いらさにしゃ今日ぬ日 どぅきさにしゃ黄金日
我ん産でる今日だら 羽むいるたきだら

赤馬節

 つまり、前段と後段では喜びの向きが違う。前段はいかにも封建的で、名誉や、もしかすると見返りを期待した喜びである。反対に後段は、赤馬と再び一緒に暮らせることに歓喜している。安直な言い方をすれば、前段は建前で、後段は本音と分けられよう。

 囃子のハリヌヒィヤルガヒのメロディは、赤馬が疾走している様子が目に浮かぶような、勇壮な躍動感がある。メロディに加えて、前段と後段の歌詞も、馬の飼い主であった師番が作ったと伝えられている。赤馬を愛おしむ気持ちが赤馬の姿をメロディに映し、また心の動きのままに歌詞を重ねていったということだろうか。

 八重山民謡では、第1句の冒頭の歌詞が唄のタイトルになることが多い。「赤馬節」も第1句を見ればその例の1つだ。だけれども、頻繁に唄われるのは「いらさにしゃ」に始まる第4句と続く第5句。なぜだろう。この疑問に答えが出るものとは期待していないが、やはり唄い継いでいく心性として、建前より本音、なのだろうか。
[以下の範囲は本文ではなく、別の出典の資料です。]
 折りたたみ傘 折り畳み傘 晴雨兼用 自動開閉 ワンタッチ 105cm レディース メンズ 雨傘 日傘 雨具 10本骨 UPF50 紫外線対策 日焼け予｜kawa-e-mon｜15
 もっとも後段2句には、赤馬を表すことばが出てこなくて、ひたすらに私(=大城師番)の喜びだけが綴られている。それにもやや驚く。赤馬がいるからこそ喜ばしいはずなのに、赤馬に言及しないなんて。しかし歌詞で赤馬に触れていないからこそ、さまざまな祝いのシチュエーションに合わせやすい、とも言える。

 赤馬の話には続きがある。とうとう薩摩の島津氏にも評判が届き、献上が決定する。赤馬は平久保から迎えの船に乗るも、暴風雨に遭って船が平久保に戻り、避災のために陸揚げされる。すると赤馬は縄を切って疾走し、宮良の師番の家まで戻ってきて最期を遂げる。

 2回の喜びはすかさず歌詞にした師番だが、薩摩への献上は前回の二の舞になる予感がしたのだろうか、そしてまた赤馬の死はつらすぎたのだろうか、歌詞にしていない。赤馬を永遠に失った師番にとっては、「赤馬節」は幸せだったころの思い出をとどめた唄になっている。

 悲話であること理解した上で、「赤馬節」の第4・5句を祝儀唄とすることを、もう一度考えてみたい。メロディは流麗で、そこにちょうどよくめでたい歌詞が連なっているのだから、祝いの場に合う、というだけなのだろうか。どんなに喜ばしいときでも、その先には喜ばしいことばかりが待ち受けているわけではないという暗示による教訓なのだろうか。あるいは、大きな権力を前に、小さな民にはなすすべはないが、せめて自分たちの身の丈にあった喜びを享受しようという趣意なのか。

「赤馬節」第4・5句のチラシとして唄われる「しゅうら節」も不思議な成り立ちをしている。「赤馬節」第4・5句と同様に喜びのオンパレードで、夜は7日、昼は100日、つまり長く祝いましょうと盛り上げる。

しゅうら節[しゅうらぶすぃ]
今日ぬ日ば 黄金日ば 本ばし ヨウエイシュウラジャンナヨウ
夜の七日 ぴぬ百日 祝いす ヨウエイシュウラジャンナヨウ

玉代勢長傳編『八重山歌声楽譜付工工四全巻』(1989)pp.3-4
※引用は2006年版から

 そもそも「しゅうら」とは「かわいらしい」の意で、「なうしゃる子のどぅ いきゃしゃる子のどぅ 我ぞなりくうでぃね〈どんな娘が、どんな器量のよい子が自分の嫁になるのか〉」という嫁選びの歌詞もある。こちらのほうが元歌で、チラシの歌詞のほうが後からできている。

 まったく文脈の違う歌詞の唄が、チラシとして歌詞を変えて添えられるのは、どういうことだろう。赤馬がかわいらしいということなのか、単にメロディがマッチしていたということなのだろうか。

 いつ、どんな場で、どの曲を唄うのか。ここだけ抜き出したらいいんじゃないか。これは歌詞を変えてみよう。といった選曲がどう決まって、どう受け継がれてきたのか、興味が尽きない。